Quitclaim deeds have various uses, but one of the uses stands out the most – the use of quitclaims in dealing with property division during divorce.
In legal separation or divorces, a quitclaim deed is used to fulfill the property division requirement.
Titles and real property
The effects of a quitclaim on your divorce or legal separation are significant, and their understanding helps when dealing with different types of property ownership.
One of the forms of property ownership affected by the quitclaim is joint ownership. The joint property ownership can be a tenancy in common, joint tenancy, or tenancy by the entirety.
Joint property ownership
Joint tenancy – this is where couples own property together. In this arrangement, when one spouse passes, the property goes to the surviving spouse. It is not, however, limited to spouses.
Tenancy in common – in this arrangement, you have two or more people owning property. If one of the owners passes on, their interests in the property are transferred to the heirs and not the other owners.
Tenancy by the entirety – this property ownership works like a joint tenancy, but it’s only applicable to spouses. Note that it’s not used in every state.
Married couples often hold property in joint tenancies or tenancy by the entirety. Few couples hold property under tenancy in common.
How to use a quitclaim in a divorce
In divorce proceedings, quitclaims are used to change a property’s ownership from joint ownership to sole ownership. The deed allows one spouse to quit their claim on the property making the other spouse the sole owner of the property. Simply put, the quitclaim transfers title to the spouse awarded the property.
Essentially, the division of property between couples involves either:
The sale of the property and the division of the proceeds between the parties involved, or
Awarding of the property to one of the spouses following an agreement between the parties or an order from the court.

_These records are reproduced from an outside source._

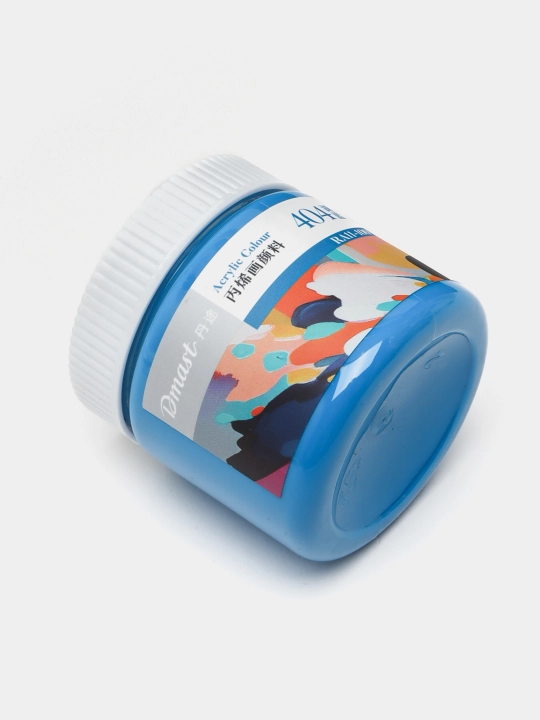 Краска акриловая в банке Dmast Deli RA11-100-404 Lake Blue, 100 мл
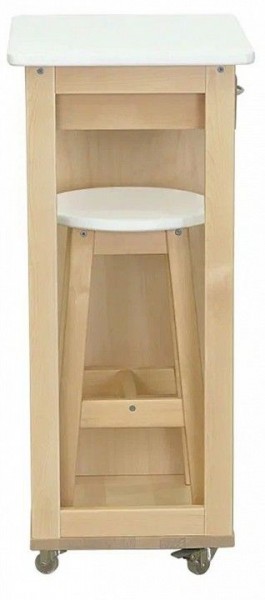 Тумба с табуретом Мебелик в Нижнем Тагиле - nizhniy-tagil.mebel24.online | фото 2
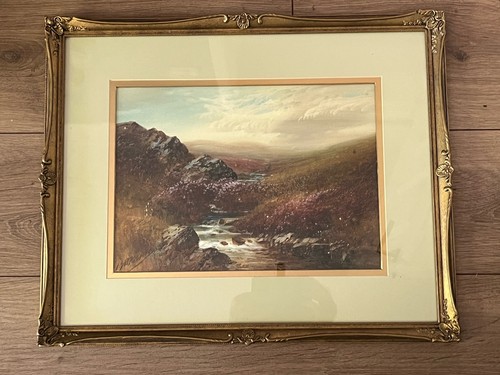 Original antique painting john - antique,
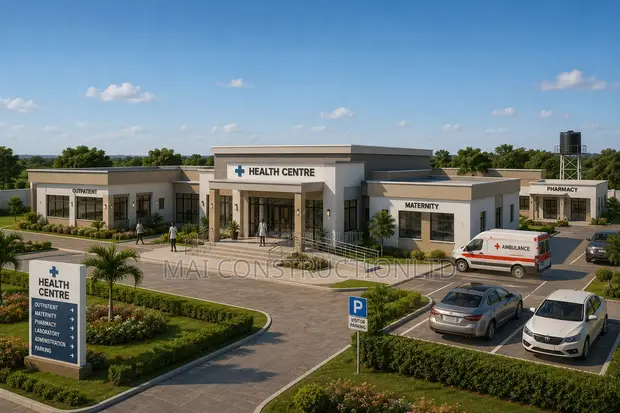 Modern Health Centre Design Package (Architectural Drawings + BOQs) - 1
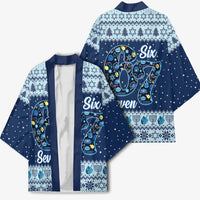 Funny Hanukkah Six Seven Kimono Gen Alpha Meme Vibes - Wonder Print Shop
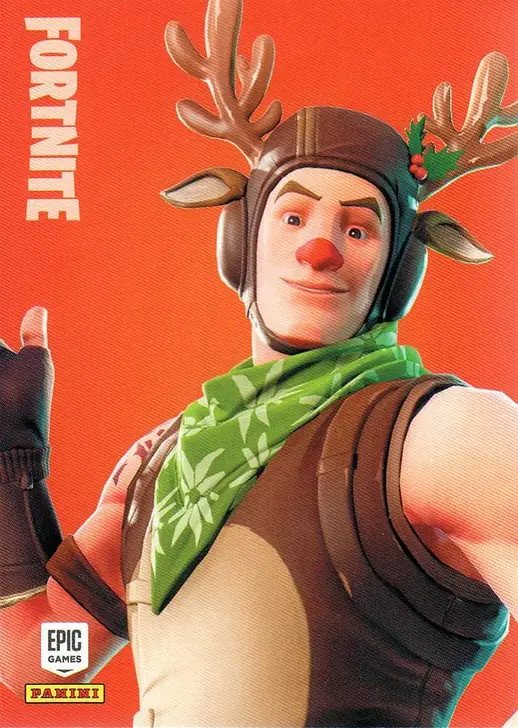 Red-Nosed Ranger Panini Fortnite trading card
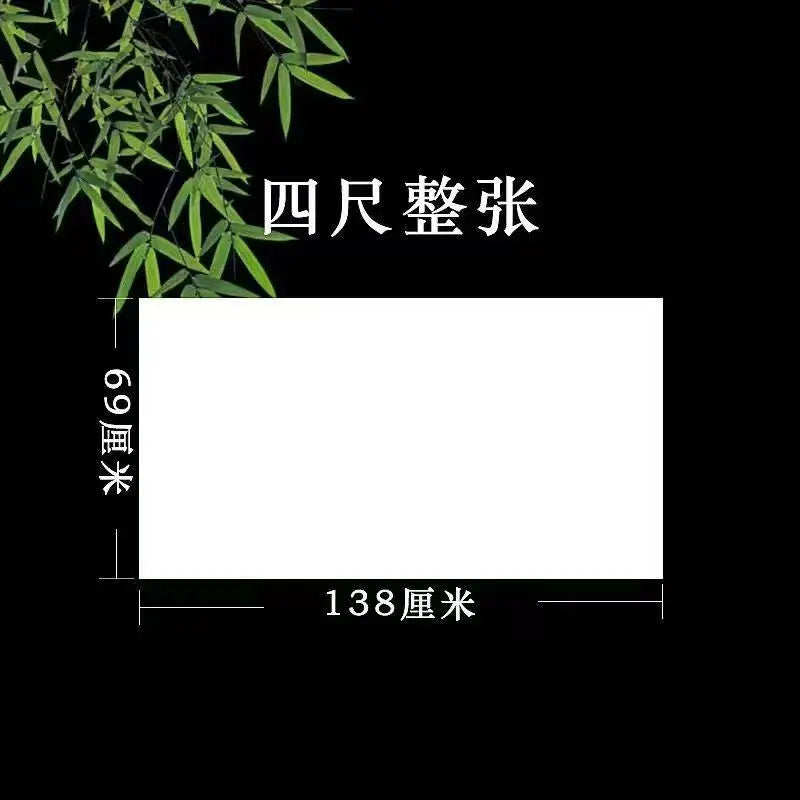 100 hojas de papel de arroz crudo, precio de fábrica, caligrafía gruesa,  de pintura china Xuan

In the transfer of property to one party, the quitclaim is used to remove the name of the person who quits their claim in the property from the property title.
If your state allows legal separation, you could also use the quitclaim to divide property and divide ownership.
Following the transfer of title ownership using a quitclaim, the party that receives sole ownership rights to the property can sell or even mortgage that property without asking for consent from their ex-spouse.
Effects of a quitclaim on mortgage
Note, however, that if at the time of the divorce/ separation the property you quitclaim has mortgage debt, your name will remain on the mortgage even if you no longer own it. In most cases, you’ll be obligated on that mortgage.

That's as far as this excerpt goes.